I absolutely refuse to eat anything that has artificial sweetener in it.


----------



## Gael (Mar 1, 2014)

rkunsaw said:


> I guess I don't have any particular addiction. I love to snack, but not on any certain thing. Savory or sweet I'll eat it if it's natural.
> 
> I absolutely refuse to eat anything that has artificial sweetener in it.



I mean it's not just food that people get addicted to. Sometimes it's certain hobbies, behaviours, etc. If you haven't any tendencies along those lines then you just do not have an addictive personality.


----------



## Davey Jones (Mar 1, 2014)

Me think the biggest addiction in the US is television,I know a few that cant walk past a tv unless its turned on.


----------



## Pappy (Mar 1, 2014)

Falling asleep on TV very uncomfortable.
Real smart ass, aren't I?


----------



## Gael (Mar 1, 2014)

Pappy said:


> Chocolate here too. The real stuff, not the imitation stuff they sell out there. Hot Fudge Sundae, OMG.:love_heart:



Greetings fellow chocoholic. My name is Gloria and I am a chocoholic.layful:


----------



## Gael (Mar 1, 2014)

Pappy said:


> Falling asleep on TV very uncomfortable.
> Real smart ass, aren't I?



I think the true smart ass here is probably Phil.layful:...I think.


----------



## Vivjen (Mar 1, 2014)

Gael said:


> I think the true smart ass here is probably Phil.layful:...I think.

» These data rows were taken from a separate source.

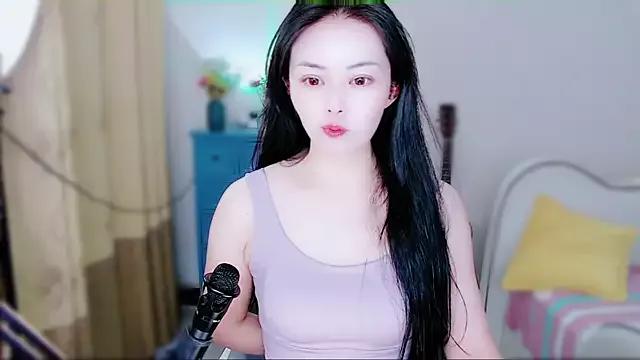 Y-Yuan from StripChat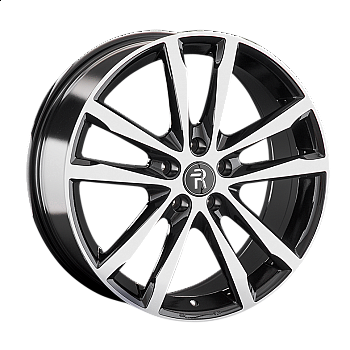 Диск REPLAY GL72 BKF 8,5 х 20 PCD 5/108 ET46 DIA63,3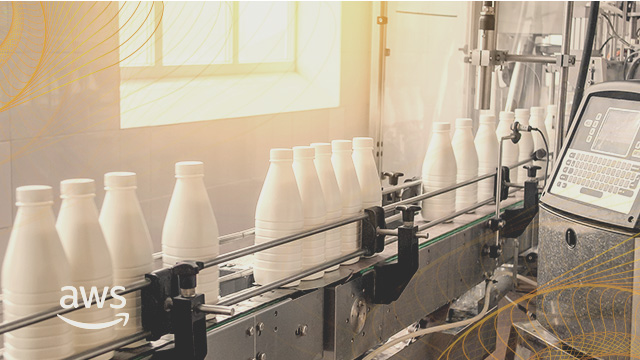 Migracja do Amazon Web Services aplikacji i serwis&oacute;w DANONE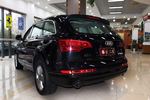 奥迪Q72011款3.0TFSI 技术型(L)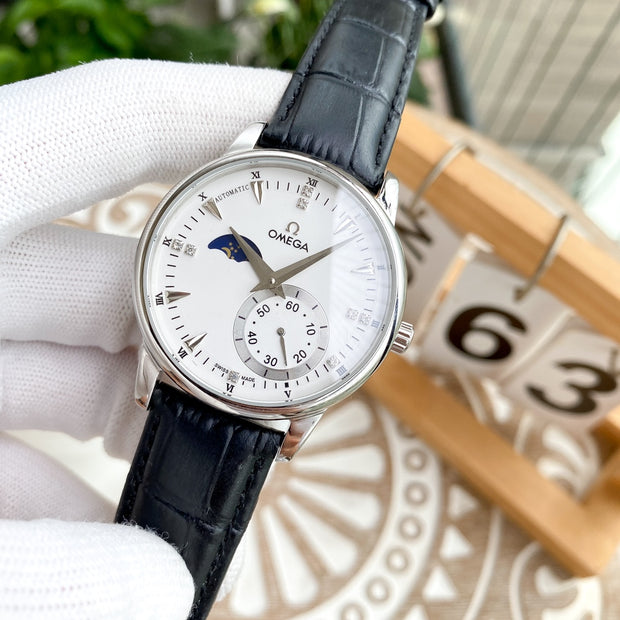 Omega 40mm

He does have some competition....


----------



## Pappy (Mar 1, 2014)

Gael said:


> Greetings fellow chocoholic. My name is Gloria and I am a chocoholic.layful:



At tonight's meeting, we all swore off chocolate for two weeks. I got as far as the malt shop and had a double hot fudge sundae.


----------



## Gael (Mar 1, 2014)

Pappy said:


> At tonight's meeting, we all swore off chocolate for two weeks. I got as far as the malt shop and had a double hot fudge sundae.



Be strong brother! (look who's talking...Miss Chocolate Breath).


----------



## Falcon (Mar 1, 2014)

LOL   After viewing the comments on the original video,  I had to go back and get a closer look

at her nails.   I think she'd better lay off on the ketchup (Catsup?) something's making her a bit "chunky"

  shall we say?


----------



## Gael (Mar 1, 2014)

Davey Jones said:


> Me think the biggest addiction in the US is television,I know a few that cant walk past a tv unless its turned on.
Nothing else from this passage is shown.